## Work required:
Beginning with the first entry, set down each one exactly as shown.

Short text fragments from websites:
------------------------------

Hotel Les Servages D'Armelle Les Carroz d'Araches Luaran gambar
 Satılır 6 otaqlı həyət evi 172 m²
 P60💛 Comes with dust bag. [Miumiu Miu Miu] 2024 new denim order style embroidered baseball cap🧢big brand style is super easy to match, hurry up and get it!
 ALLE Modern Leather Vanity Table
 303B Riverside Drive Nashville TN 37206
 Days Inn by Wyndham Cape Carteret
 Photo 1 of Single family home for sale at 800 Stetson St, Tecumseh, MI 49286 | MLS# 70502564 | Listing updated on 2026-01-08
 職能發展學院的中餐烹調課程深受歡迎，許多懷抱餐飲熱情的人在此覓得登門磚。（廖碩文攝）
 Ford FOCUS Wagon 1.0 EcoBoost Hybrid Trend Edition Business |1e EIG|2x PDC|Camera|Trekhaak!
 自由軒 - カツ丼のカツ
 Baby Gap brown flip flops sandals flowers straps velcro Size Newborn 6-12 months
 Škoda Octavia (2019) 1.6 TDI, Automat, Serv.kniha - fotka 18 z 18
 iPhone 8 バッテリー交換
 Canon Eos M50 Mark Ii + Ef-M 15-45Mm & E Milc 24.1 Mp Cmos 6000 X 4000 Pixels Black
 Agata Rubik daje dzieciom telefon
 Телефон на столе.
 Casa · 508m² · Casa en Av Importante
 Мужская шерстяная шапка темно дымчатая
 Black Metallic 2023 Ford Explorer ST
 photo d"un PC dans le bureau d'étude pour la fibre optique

------------------------------

## Answer to this task:
Hotel Les Servages D'Armelle Les Carroz d'Araches Luaran gambar
 Satılır 6 otaqlı həyət evi 172 m²
 P60💛 Comes with dust bag. [Miumiu Miu Miu] 2024 new denim order style embroidered baseball cap🧢big brand style is super easy to match, hurry up and get it!
 ALLE Modern Leather Vanity Table
 303B Riverside Drive Nashville TN 37206
 Days Inn by Wyndham Cape Carteret
 Photo 1 of Single family home for sale at 800 Stetson St, Tecumseh, MI 49286 | MLS# 70502564 | Listing updated on 2026-01-08
 職能發展學院的中餐烹調課程深受歡迎，許多懷抱餐飲熱情的人在此覓得登門磚。（廖碩文攝）
 Ford FOCUS Wagon 1.0 EcoBoost Hybrid Trend Edition Business |1e EIG|2x PDC|Camera|Trekhaak!
 自由軒 - カツ丼のカツ
 Baby Gap brown flip flops sandals flowers straps velcro Size Newborn 6-12 months
 Škoda Octavia (2019) 1.6 TDI, Automat, Serv.kniha - fotka 18 z 18
 iPhone 8 バッテリー交換
 Canon Eos M50 Mark Ii + Ef-M 15-45Mm & E Milc 24.1 Mp Cmos 6000 X 4000 Pixels Black
 Agata Rubik daje dzieciom telefon
 Телефон на столе.
 Casa · 508m² · Casa en Av Importante
 Мужская шерстяная шапка темно дымчатая
 Black Metallic 2023 Ford Explorer ST
 photo d"un PC dans le bureau d'étude pour la fibre optique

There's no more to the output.